An important ingredient to all of the algorithms is the mutual information between features and the target variable.

Given the a target variable *Y* and the input features *X*_{1}, ..., *X*_{n}, the mutual information *MI*(*Y*;*X*_{i}) between a single feature *X*_{i} and *Y* is defined as

*MI*(*Y*;*X*_{i}) =*H*(*Y*) +*H*(*X*_{i}) -*H*(*Y*,*X*_{i})

where *H*(*Y*, *X*_{i}) is the joint entropy of *Y* and *X*_{i}.

For the purposes of this algorithm, the joint mutual information between *Y* and a subset *X*_{1}, ..., *X*_{k} is given by

*MI*(*Y*;*X*_{1}, ...,*X*_{k}) =*H*(*Y*) +*H*(*X*_{1},...,*X*_{k}) -*H*(*Y*,*X*_{1}, ...,*X*_{k})

#### Incremental algo

The so-called "incremental" algorithm, as implemented in *feature-selection*, computes the mutual information *MI*(*Y*;*X*_{i}) between the target *Y* and single features *X*_{i}, adding them, one at a time, to the featureset when the MI value is above a given threshold. It then removes redundant features, one at a time. Here, a redundant feature is one that, when removed from the set
*X*_{1}, ..., *X*_{k}, does not cause the joint mutual information *MI*(*Y*;*X*_{1}, ..., *X*_{k}) to decrease by less than *fraction*threshold*. That is, its failure to reduce the joint mutual information is taken to be a sign of its redundancy.

The incremental algorithm can be instructed to consider pairs *MI*(*Y*;*X*_{i}, *X*_{j}), or even higher orders, when adding to the output feature set. However, this rapidly becomes computationally expensive, as there is a combinatorial explosion of these. Computation time goes as *O*(*M*^{K}) for *M* input features, in the order *K*. More precisely, there are (*M* choose *K*) sets, and one may approximate *O*(*M* choose *K*) = *O*(*M*^{K}) for small *K*.

The incremental algo will typically find a feature set somewhere near to the "optimal" maximum-MI feature set. One can do better.

#### Maximum MI algo

The so-called "maximum MI" algorithm makes the assumption that the overall landscape of joint mutual information *MI*(*Y*;*X*_{1}, ..., *X*_{k}) is not "deceptive" as a function of the subset *X*_{1}, ..., *X*_{k}, and that any local maxima are not very tall, as compared to adding a handful of *X*_{i} to the feature set. If these assumptions are satisfied (and they seem to be, for most common datasets), then a simple, straight-forward hill-climbing-style algorithm can be employed.

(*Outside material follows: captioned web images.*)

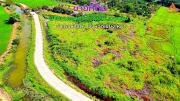 ขายที่ดิน บ้านหนองไคร้ ตำบลหนองตอง อำเภอหางดง จังหวัดเชียงใหม่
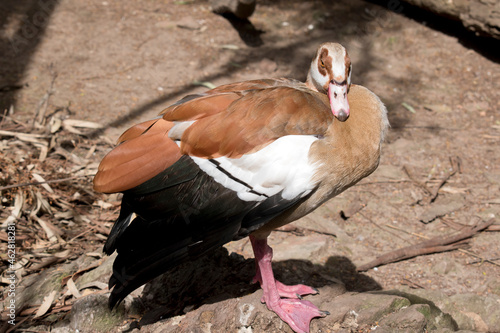 this is a side view of an egyptain goose photo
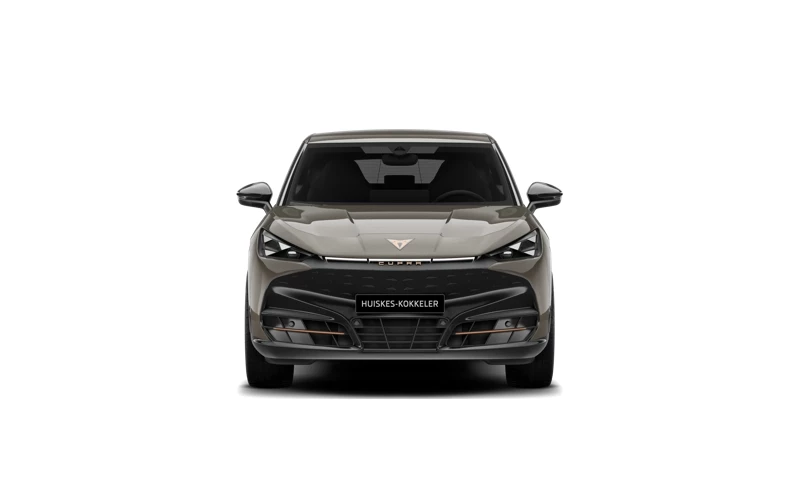 Hoofdafbeelding CUPRA Tavascan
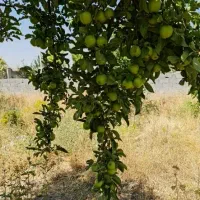 زمین باغ ویلا در دیزج باسمنج هروی|فروش خانه و ویلا|باسمنج, |دیوار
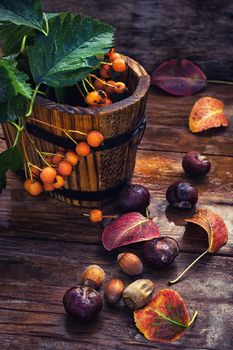 Miniature wood bucket with twigs and Rowan berries on background of autumn chestnuts and acorns
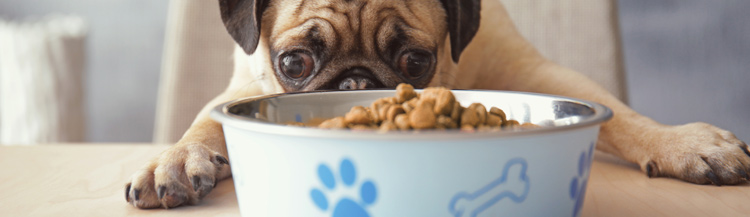 Как перевести собаку на другой сухой корм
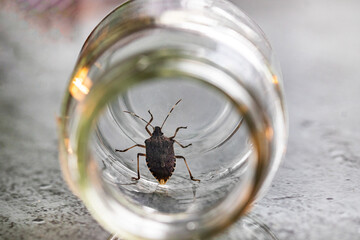 Close-up of Heteroptera bug in a glass bottle 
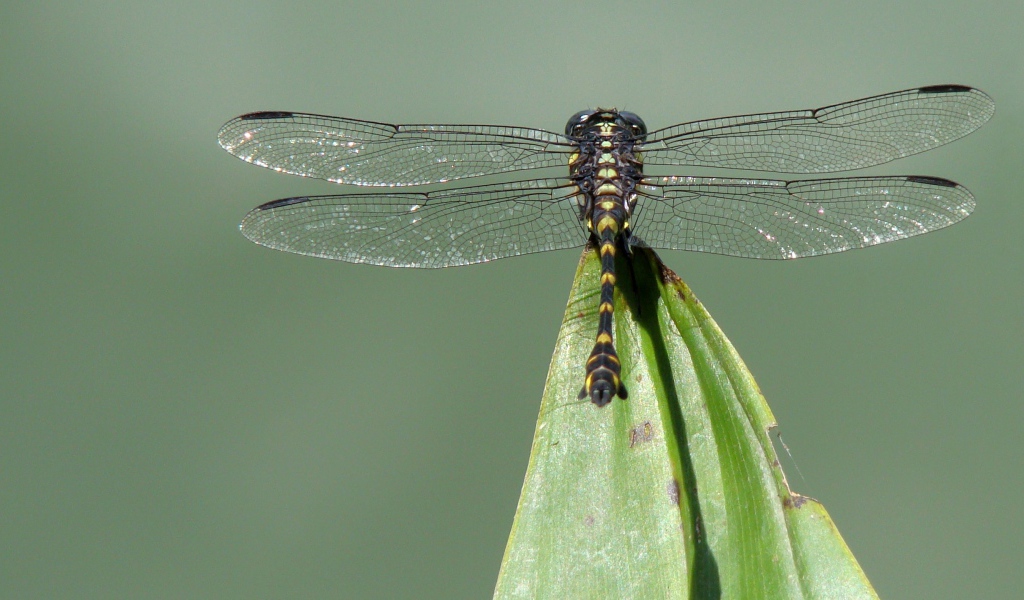 Стрекоза на кончике листа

In this algorithm, the mutual information *MI*(*Y*;*X*_{i}) is computed for each of the *M* different features *X*_{i} in the input. Of these, the highest *N* scorers are kept; the rest are discarded. Next, to each of these, a second feature, from the input set, is added. The resulting *M*×*N* scores *MI*(*Y*;*X*_{i}, *X*_{j}) are evaluated. Of these, the highest *N* are kept; the rest discarded. The process is repeated, for the *M*×*N* triples *MI*(*Y*;*X*_{i}, *X*_{j}, *X*_{k}), and so on, until either the MI fails to increase (by a step size of *threshold*) or if the desired number of features has been reached.

By default, *N*=100. In essence, the hill-climbing assumption holds if local maxima can be avoided by considering any of 100 different high-scoring paths around them. This seems to be a reasonable assumption.

Note that this algo will find the maximal MI feature set (given the assumptions). It avoids the combinatorial explosion of the "incremental" algorithm; however, it will have a somewhat longer running time than the *K*=1 incremental algorithm (but will typically be much faster when *K* > 2).

### MOSES-based algorithm

MOSES-based feature selection: Keeps the X_{i}'s that maximize

- Score
_{Y}(*X*_{i})

or for tuples

- Score
_{Y}(*X*_{i1}, ...,*X*_{im})

The algo will start with individual variables and incrementally tries pairs, triplets, etc, among the variables that have not contributed in passing the threshold (or below a certain threshold in the case of the entropy-based selection).

Note: this algo is currently non-functional.

## Source, Binaries, Documentation

Source code, a man page, and a diary of testing/results can be found in the directory

opencog/learning/feature-selection

A standalone executable is built at

opencog/learning/fearture-selection/main

A copy of the man page is on the wiki: feature-selection man page.